Short web captions:
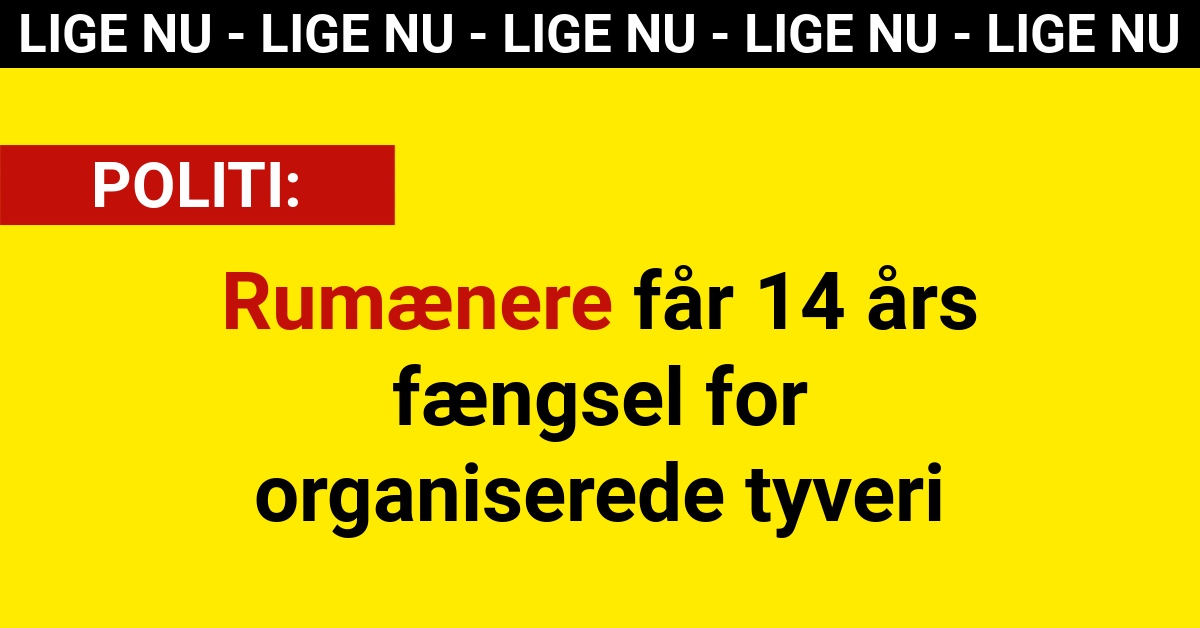 Rumænere får 14 års fængsel for organiserede tyveri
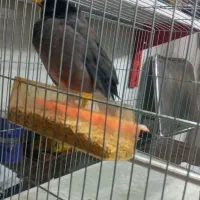 مینا|پرنده|اردبیل, |دیوار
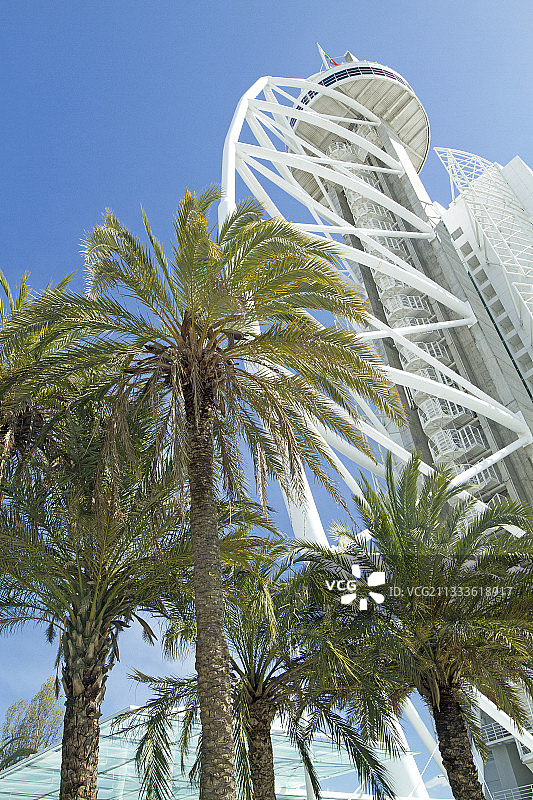 海枣树，万国公园，达伽马塔，里斯本，葡萄牙图片素材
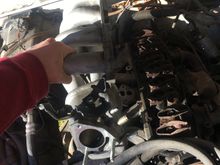 Intake looks alright, just need to get the correct throttle body and fuel rail provisions on it.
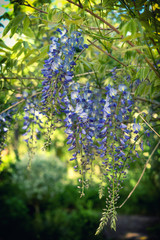 Blooming wisteria plant with lilac blossoms in romantic garden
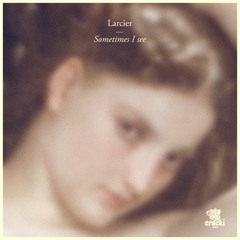 Larcier - Sometimes I See (vocal) [cracki001]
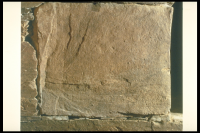 Image of Or Barnes20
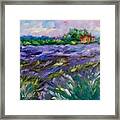 Lavender Field Framed Print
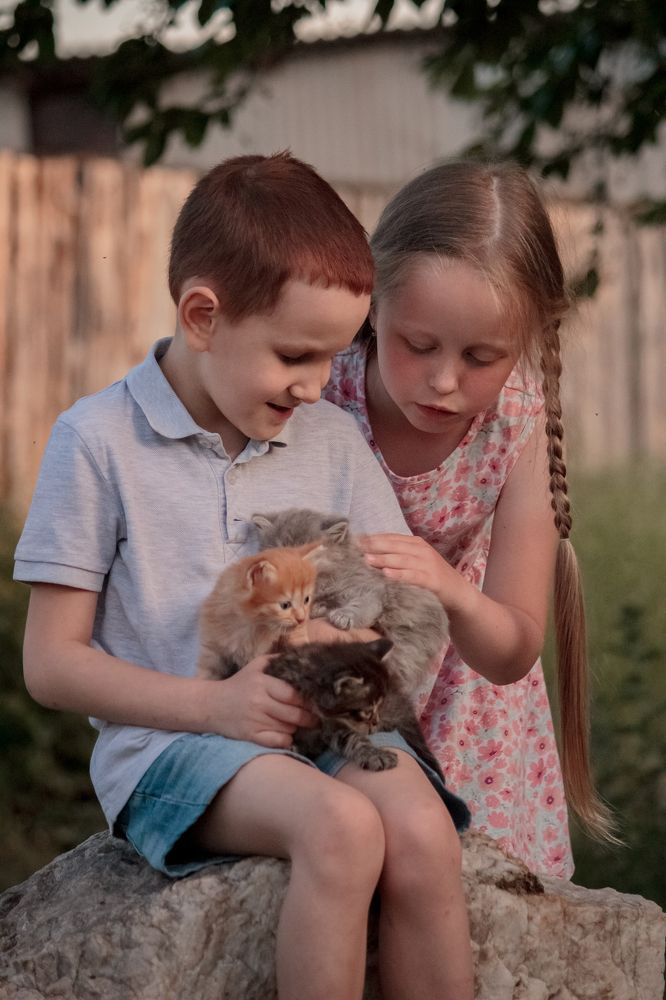 Photograph by Юлия Мешаева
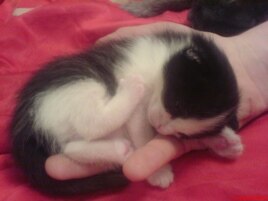 This kitten is curled up in a person's hand.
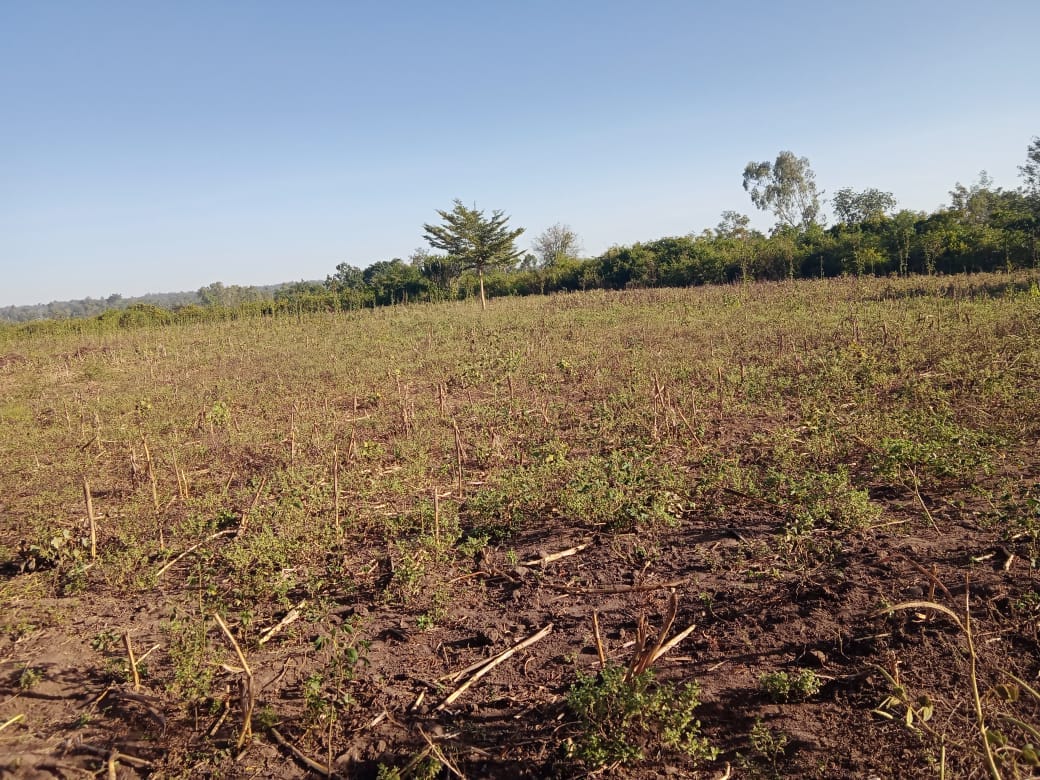 Hope Adongo School Farm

[WHAT IS BEING ASKED]
With the pictures left out, copy exactly the lines above from the line containing "This kitten is curled up in a person's hand." through the last line of the entries.

[SOLVED EXERCISE]
 This kitten is curled up in a person's hand.
 Hope Adongo School Farm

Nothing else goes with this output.